Get hands-on experience with 20+ free Google Cloud products and $300 in free credit for new customers.

APIGEE Latency SLO metric. Which metric to use and how to set up SLO?

Hi, I want to set up 99% percentile SLO Latency for APIGEE proxy.

There are 2 relevant metrics available:

  • apigee.googleapis.com/proxy/latencies (Kind: delta - Value Type: distribution)
  • apigee.googleapis.com/proxyv2/latencies_percentile (Kind: Gauge - Value Type: Double)

The `apigee.googleapis.com/proxy/latencies` metric has latency percentile bucket for 99% percentile (in metric explorers). Hence, i think it might be the correct one to use. But in the SLO setup, theres no option to choose 99% aggregation as shown in the image. It only has the option of specifying the range

Screenshot 2024-11-25 at 2.40.57 PM.png

 

The other metric also feels right but when choosing it as SLI, theres only aggregation of sum and average. 

1 3 793
3 REPLIES 3

I am not sure exactly how we can do this. I've been asking my peers to get some advice on this.


@minh-nguyen wrote:

The `apigee.googleapis.com/proxy/latencies` metric has latency percentile bucket for 99% percentile (in metric explorers). Hence, i think it might be the correct one to use. But in the SLO setup, theres no option to choose 99% aggregation as shown in the image. It only has the option of specifying the range


I understand your question, and it sounds reasonable to me. The apigee.googleapis.com/proxy/latencies is the current metric - the one you probably want to use. But I see your point, I don't know how to select the p99 metric for the SLI . 

This feels to me, to be an issue that is not Apigee specific.  It may be an issue that needs to be addressed in the Cloud Monitoring suite.  I'll let you know what I learn.

Following up on this. 

When you are setting an SLO  (and the required SLI) in Google Cloud Monitoring (Observability), you should use apigee.googleapis.com/proxy/latencies. This is a cumulative histogram for Prometheus. (here is a good introduction for histograms in Prometheus: https://www.youtube.com/watch?v=yYbXak-1hew )

On the SLI segment of the wizard, set the performance metric to be the target.  500ms, 700ms, whatever you like.  

Then, in the SLO section, specify the goal, the percentage of calls you would like to be handled below the specified time threshold. In your case you want p99, so you should set 99% there.

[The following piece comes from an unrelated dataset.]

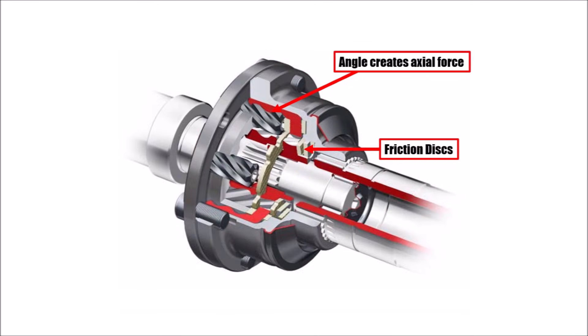To achieve a locking effect, the gears are helically toothed, which also helps reduce noise and increases reliability. Because of that angle, an axial force is created at bigger speed differences, and friction discs inside the differential lock the three individual parts together depending on the situation.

GCP Monitoring will compute the 99th percentile and manage the SLO accordingly.  


@minh-nguyen wrote:

The `apigee.googleapis.com/proxy/latencies` metric has latency percentile bucket for 99% percentile (in metric explorers). Hence, i think it might be the correct one to use.


Yes.  I think you are talking about this: 

dchiesa1_0-1732666924435.png

But, the 99 / 95 / 50 / 5 options in that dropdown are ... contrived. There's nothing in the dataset that says "you must select one of these percentiles".  The way the data is collected and tracked by Apigee should allow Cloud Monitoring allows to use any percentile... 98, 90, 75, whatever.  It's just the designers of the UI pre-selected those thresholds.   

Something similar happened with Alerting. The UI designers give you a selection of options. 

dchiesa1_1-1732667229959.png

But those are not the only values.

In the SLO/SLI, you have free reign to select the threshold you like. And Monitoring will do the computation based on that histogram data. 

Does  this answer your question? 

 

 

Hi @dchiesa1 , thank you so much for getting back to me. I have another question. 

The `apigee.googleapis.com/proxy/latencies` metric is only for request-based SLO according to this article https://cloud.google.com/stackdriver/docs/solutions/slo-monitoring/api/identifying-custom-sli because its a DELTA metric.

If i use `apigee.googleapis.com/proxy/latencies` in window based SLO, I can see the type of SLO becomes both request and window based. Is that correct set up?

Screenshot 2024-11-27 at 11.52.18 AM.png

From my understanding, the SLI calculation will be percentage of good request during 1 minute window. And then on overall SLO period, get percentage of good windows 

By that logic, i think the set up should be ok?